Of course, the assembling of my “refactoring kit” is in the early stages. I have the toolbox where the instruments will reside—my brain. The aim is now to collect the tools, and what better way to start than with the most basic ones in existence. What follows is the hammer of my refactoring kit.


In “That’s Interesting”, Murray Davis puts forward a hypothesis of interestingness.

“In brief, an interesting proposition was always the negation of an accepted one. All of the interesting propositions I examined were easily translatable into the form: ‘What seems to be (i)X is in reality non-X‘, or ‘What is accepted as X is actually non-X‘.”

Davis goes into further detail by listing a few more precise manifestations of “X is actually non-X”. For example:

– That which is stable and unchanging is really unstable and changing (or the reverse).
– That which is an effective function is really an ineffective function (or the reverse).
– What seems to be good is actually bad, or the reverse.
– What seems to be able to exist together actually can

I picture this undermining of an assumption ground as an upside-down pyramid.

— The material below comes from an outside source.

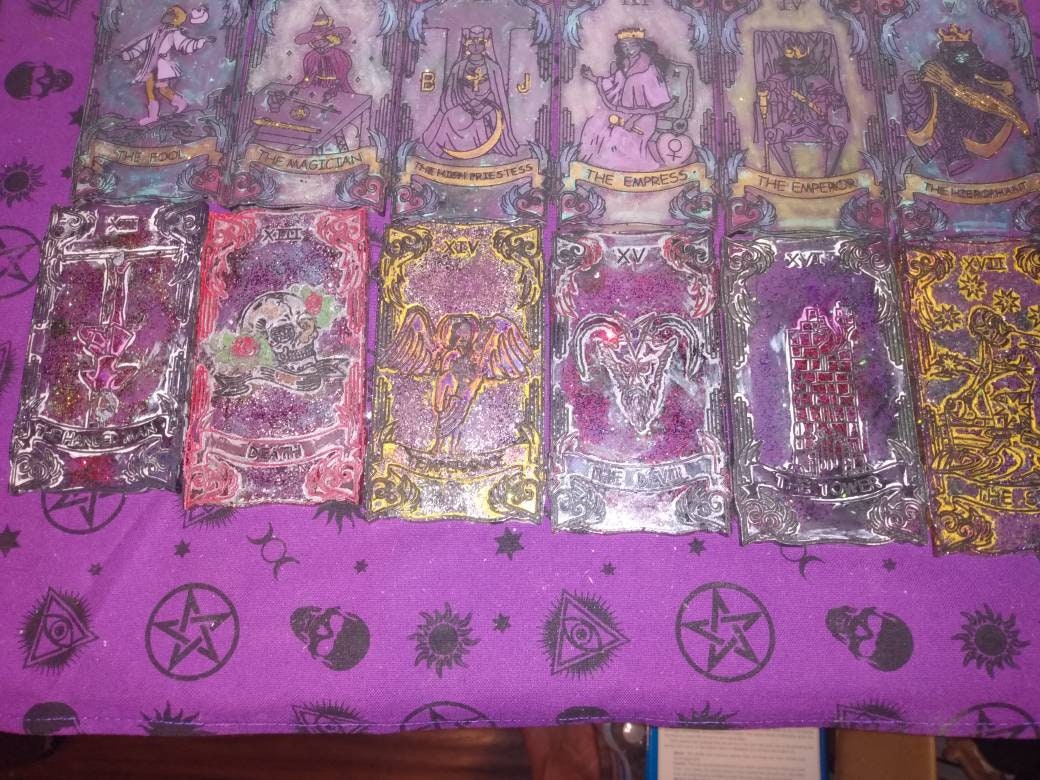 Resin Tarot Cards Etsy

The few blocks at the base represent our fundamental assumptions, either about ourselves or the world we live in. Atop of these few, big blocks are many more smaller ones. That which we find interesting is the obliteration of one of the pyramid’s blocks. Further, the closer to the base the assumption block we undermine is, the more “interesting” it is to us.

This is why I nominate the undermining of an assumption ground as a hammer—with a big enough whack it can bring the entire edifice of our life crashing down, resulting initially in destruction, but later in a more robust rebuild.